### DATASET EXTRACT
◇ ◇ ◇
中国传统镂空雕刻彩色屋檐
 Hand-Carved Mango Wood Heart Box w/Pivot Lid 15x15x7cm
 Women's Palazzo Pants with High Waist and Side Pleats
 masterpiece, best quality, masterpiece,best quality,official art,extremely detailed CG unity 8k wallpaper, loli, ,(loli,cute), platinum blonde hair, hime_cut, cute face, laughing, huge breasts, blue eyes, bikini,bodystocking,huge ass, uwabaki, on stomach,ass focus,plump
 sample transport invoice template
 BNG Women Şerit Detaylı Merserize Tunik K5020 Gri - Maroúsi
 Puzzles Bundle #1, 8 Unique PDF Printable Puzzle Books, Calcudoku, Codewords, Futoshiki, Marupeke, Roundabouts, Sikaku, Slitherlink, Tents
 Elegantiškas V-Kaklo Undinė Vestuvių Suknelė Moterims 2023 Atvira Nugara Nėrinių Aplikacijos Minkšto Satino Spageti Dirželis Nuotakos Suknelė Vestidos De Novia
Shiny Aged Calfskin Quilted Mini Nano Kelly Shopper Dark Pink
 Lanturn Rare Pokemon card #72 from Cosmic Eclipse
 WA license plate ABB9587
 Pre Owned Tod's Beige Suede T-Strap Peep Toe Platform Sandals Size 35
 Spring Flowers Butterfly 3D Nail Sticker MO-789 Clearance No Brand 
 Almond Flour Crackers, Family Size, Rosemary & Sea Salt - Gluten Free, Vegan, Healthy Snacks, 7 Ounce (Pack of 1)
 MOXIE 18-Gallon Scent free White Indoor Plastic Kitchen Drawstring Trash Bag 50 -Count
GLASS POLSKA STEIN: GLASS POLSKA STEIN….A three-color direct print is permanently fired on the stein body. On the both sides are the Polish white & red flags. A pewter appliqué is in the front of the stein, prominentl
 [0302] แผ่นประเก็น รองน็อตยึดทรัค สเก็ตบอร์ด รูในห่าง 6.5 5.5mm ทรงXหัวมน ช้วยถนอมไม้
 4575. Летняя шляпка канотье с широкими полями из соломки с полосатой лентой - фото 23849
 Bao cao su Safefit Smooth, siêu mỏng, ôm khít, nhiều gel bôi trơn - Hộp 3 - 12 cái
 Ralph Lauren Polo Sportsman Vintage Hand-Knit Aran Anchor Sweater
◇ ◇ ◇
Return only the stretch of the material above from the line holding "Pre Owned Tod's" through the line holding "4575. Летняя шляпка", copied exactly.

 Pre Owned Tod's Beige Suede T-Strap Peep Toe Platform Sandals Size 35
 Spring Flowers Butterfly 3D Nail Sticker MO-789 Clearance No Brand 
 Almond Flour Crackers, Family Size, Rosemary & Sea Salt - Gluten Free, Vegan, Healthy Snacks, 7 Ounce (Pack of 1)
 MOXIE 18-Gallon Scent free White Indoor Plastic Kitchen Drawstring Trash Bag 50 -Count
GLASS POLSKA STEIN: GLASS POLSKA STEIN….A three-color direct print is permanently fired on the stein body. On the both sides are the Polish white & red flags. A pewter appliqué is in the front of the stein, prominentl
 [0302] แผ่นประเก็น รองน็อตยึดทรัค สเก็ตบอร์ด รูในห่าง 6.5 5.5mm ทรงXหัวมน ช้วยถนอมไม้
 4575. Летняя шляпка канотье с широкими полями из соломки с полосатой лентой - фото 23849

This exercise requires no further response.